Pandav Fall and Caves! Raneh Canyons!! Until we explored these two places in Panna including Maihar and Khajuraho, we never knew Madhya Pradesh was so rich in heritage with Nature draped in her best!
It was a mid-September morning. Only three days ago we had set out for the holy city of Maihar from Ghaziabad, by road. Thanks to our Mahindra Thar! I and my husband Yogaditya Singh Rawal drove in turns, covering the distance of 756 km in 15 hours. Halts at few places for refreshment and craggy roads gobbled our reaching time by three hours.
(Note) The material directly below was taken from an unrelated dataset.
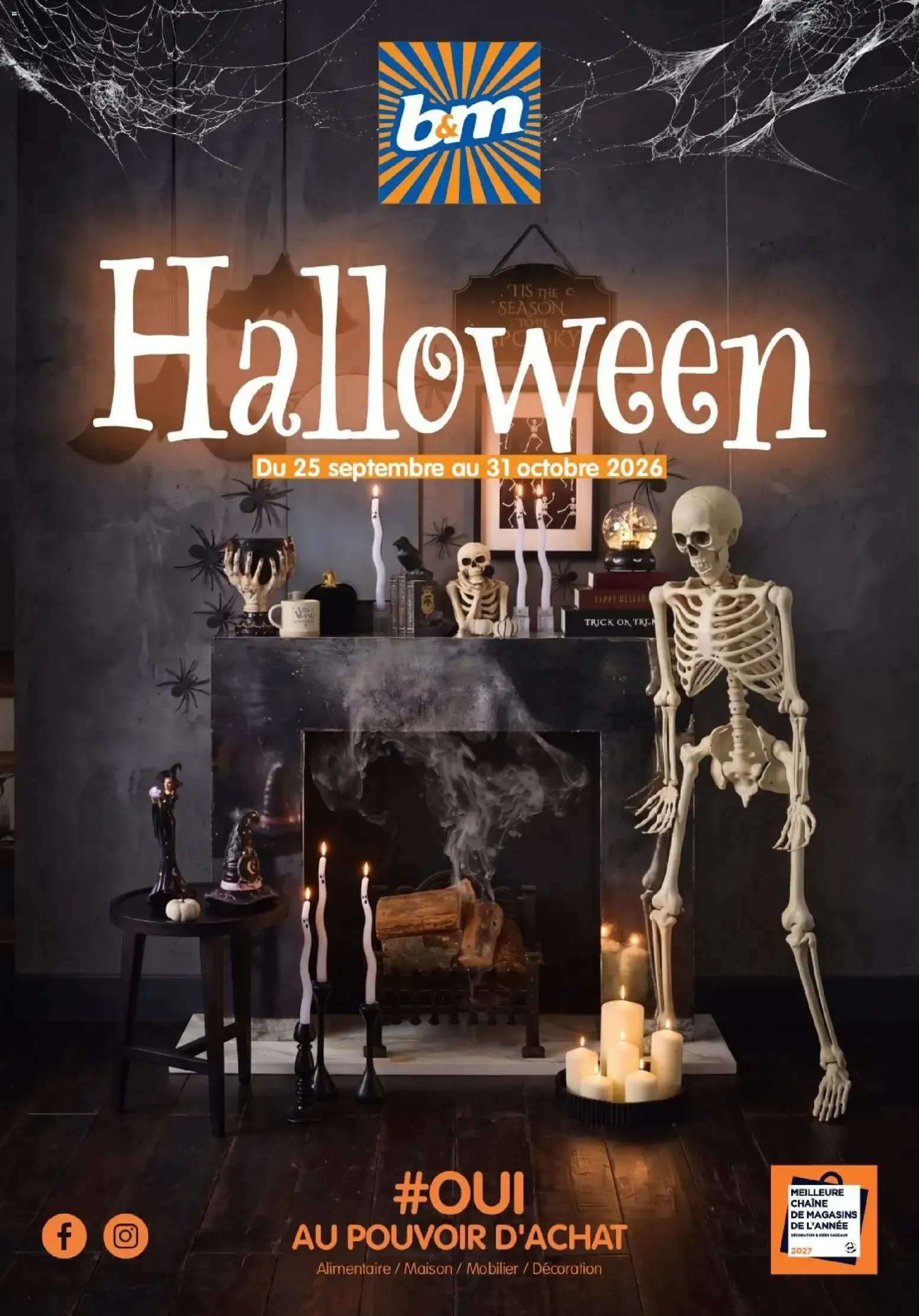 B&M – B&M catalogue (25.09.2026 – 31.10.2026)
It was a divine experience visiting Maa Sharda’s shrine at Trikuta Hill, Maihar, climbing 1063 steps barefoot. The next day we drove to Khajuraho covering a distance of 136 km. Our visit to the UNESCO World Heritage Site of temples dating back to the 6th, 10th and 11th centuries left us enthralled. Such was the brilliance and finery of the sculptures and artwork!
We had included Panna Tiger Reserve in our sight seeing itinerary. Our key objective was to catch a glimpse of the tigers there. The reception guy of our hotel in Khajuraho enlightened us that we could take our Thar into the jungle against an additional fare.
On learning that the tigers would remain in hiding, we decided not to explore wildlife in this 5th Tiger Reserve in Madhya Pradesh and 22nd in India.
This National Park hosts around 14 tigers. Though we knew that this Reserve was awarded by the Ministry of Tourism of India in 2007 as the best maintained wildlife park, we resisted. We had visited numerous wildlife tiger parks to catch a glimpse of the wild cat but in vain.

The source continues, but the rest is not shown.